[Records from a data collection]

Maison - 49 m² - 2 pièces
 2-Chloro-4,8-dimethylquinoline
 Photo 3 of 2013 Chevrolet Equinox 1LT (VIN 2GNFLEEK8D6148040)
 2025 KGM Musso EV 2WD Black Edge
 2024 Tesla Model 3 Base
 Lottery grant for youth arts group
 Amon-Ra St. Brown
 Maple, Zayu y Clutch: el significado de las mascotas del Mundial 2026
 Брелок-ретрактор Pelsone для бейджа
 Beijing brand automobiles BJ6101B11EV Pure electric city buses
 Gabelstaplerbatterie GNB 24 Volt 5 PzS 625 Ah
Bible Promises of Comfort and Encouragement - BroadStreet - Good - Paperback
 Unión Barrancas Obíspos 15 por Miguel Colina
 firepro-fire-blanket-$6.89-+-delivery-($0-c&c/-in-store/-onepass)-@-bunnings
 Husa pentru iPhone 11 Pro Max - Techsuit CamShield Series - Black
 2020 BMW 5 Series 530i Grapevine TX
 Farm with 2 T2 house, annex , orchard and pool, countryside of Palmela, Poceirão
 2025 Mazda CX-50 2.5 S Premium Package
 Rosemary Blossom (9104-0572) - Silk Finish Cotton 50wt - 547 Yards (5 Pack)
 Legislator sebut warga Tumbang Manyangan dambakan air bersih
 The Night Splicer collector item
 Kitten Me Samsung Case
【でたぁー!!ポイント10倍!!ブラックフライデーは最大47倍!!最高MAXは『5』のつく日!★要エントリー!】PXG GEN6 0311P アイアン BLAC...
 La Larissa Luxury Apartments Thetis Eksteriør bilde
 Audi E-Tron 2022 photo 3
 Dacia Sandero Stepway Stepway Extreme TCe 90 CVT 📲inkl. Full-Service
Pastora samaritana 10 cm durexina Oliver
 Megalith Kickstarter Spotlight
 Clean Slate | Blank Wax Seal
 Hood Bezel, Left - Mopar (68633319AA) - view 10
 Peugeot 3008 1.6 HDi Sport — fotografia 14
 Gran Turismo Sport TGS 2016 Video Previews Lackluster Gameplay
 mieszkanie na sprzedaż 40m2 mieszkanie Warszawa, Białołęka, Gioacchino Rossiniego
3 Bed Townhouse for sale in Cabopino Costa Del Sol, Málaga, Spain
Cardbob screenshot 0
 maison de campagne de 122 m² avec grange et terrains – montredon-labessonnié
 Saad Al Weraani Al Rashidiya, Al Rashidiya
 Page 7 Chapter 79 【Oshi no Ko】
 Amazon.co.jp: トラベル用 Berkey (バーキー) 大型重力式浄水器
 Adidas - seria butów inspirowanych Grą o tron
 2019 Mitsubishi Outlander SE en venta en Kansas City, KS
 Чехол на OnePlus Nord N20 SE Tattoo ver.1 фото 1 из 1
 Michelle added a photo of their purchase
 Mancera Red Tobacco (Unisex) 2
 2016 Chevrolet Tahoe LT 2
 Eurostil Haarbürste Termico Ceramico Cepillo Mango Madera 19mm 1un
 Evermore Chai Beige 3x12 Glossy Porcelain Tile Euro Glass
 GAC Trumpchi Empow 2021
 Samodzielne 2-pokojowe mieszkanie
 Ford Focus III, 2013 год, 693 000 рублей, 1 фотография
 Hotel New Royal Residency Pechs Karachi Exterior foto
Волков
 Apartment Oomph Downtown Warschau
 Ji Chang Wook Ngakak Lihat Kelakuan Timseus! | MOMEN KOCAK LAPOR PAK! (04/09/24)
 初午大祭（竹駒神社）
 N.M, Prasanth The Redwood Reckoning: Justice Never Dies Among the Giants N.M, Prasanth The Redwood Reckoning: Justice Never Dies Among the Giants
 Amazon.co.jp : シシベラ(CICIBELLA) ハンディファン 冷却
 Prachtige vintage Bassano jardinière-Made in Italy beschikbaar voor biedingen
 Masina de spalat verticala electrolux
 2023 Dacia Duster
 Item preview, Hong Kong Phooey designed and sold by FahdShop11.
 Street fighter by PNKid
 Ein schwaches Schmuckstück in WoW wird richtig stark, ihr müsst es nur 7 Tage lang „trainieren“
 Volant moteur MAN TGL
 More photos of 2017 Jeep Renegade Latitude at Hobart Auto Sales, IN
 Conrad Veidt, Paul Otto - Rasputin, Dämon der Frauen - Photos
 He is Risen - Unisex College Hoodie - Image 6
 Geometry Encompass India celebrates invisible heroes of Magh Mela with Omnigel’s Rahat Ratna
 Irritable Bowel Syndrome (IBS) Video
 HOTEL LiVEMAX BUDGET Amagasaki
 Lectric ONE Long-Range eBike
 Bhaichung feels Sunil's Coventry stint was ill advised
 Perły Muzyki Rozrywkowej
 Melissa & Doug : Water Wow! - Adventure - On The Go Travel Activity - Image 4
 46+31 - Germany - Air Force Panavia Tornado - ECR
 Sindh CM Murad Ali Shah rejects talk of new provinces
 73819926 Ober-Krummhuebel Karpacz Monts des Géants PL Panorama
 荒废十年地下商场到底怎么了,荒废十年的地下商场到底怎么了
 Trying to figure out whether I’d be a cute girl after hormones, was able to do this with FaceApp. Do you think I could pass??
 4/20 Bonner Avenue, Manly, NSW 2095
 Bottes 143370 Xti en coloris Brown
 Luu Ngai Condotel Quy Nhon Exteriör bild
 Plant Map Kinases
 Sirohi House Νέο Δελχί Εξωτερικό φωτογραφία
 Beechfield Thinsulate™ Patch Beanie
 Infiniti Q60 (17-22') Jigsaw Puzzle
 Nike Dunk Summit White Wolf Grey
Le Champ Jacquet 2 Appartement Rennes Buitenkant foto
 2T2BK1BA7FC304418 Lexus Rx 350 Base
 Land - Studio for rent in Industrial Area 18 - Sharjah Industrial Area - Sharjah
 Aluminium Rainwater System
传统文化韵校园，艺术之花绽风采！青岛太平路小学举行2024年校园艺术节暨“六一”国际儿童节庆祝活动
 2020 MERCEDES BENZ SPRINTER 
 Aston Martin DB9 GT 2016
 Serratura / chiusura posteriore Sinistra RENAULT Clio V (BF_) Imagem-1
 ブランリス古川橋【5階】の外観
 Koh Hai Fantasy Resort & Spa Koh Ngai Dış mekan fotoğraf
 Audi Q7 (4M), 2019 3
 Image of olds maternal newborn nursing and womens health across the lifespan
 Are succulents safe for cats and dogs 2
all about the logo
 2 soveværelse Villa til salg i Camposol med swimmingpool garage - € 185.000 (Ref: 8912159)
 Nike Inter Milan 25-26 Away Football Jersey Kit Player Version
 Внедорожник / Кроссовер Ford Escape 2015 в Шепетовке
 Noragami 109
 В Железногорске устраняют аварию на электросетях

Aim of the exercise: Only the lines from the one containing "Are succulents safe for cats and dogs 2" through the end of the entries above should be written out, exactly and in full.

Written solution:
 Are succulents safe for cats and dogs 2
all about the logo
 2 soveværelse Villa til salg i Camposol med swimmingpool garage - € 185.000 (Ref: 8912159)
 Nike Inter Milan 25-26 Away Football Jersey Kit Player Version
 Внедорожник / Кроссовер Ford Escape 2015 в Шепетовке
 Noragami 109
 В Железногорске устраняют аварию на электросетях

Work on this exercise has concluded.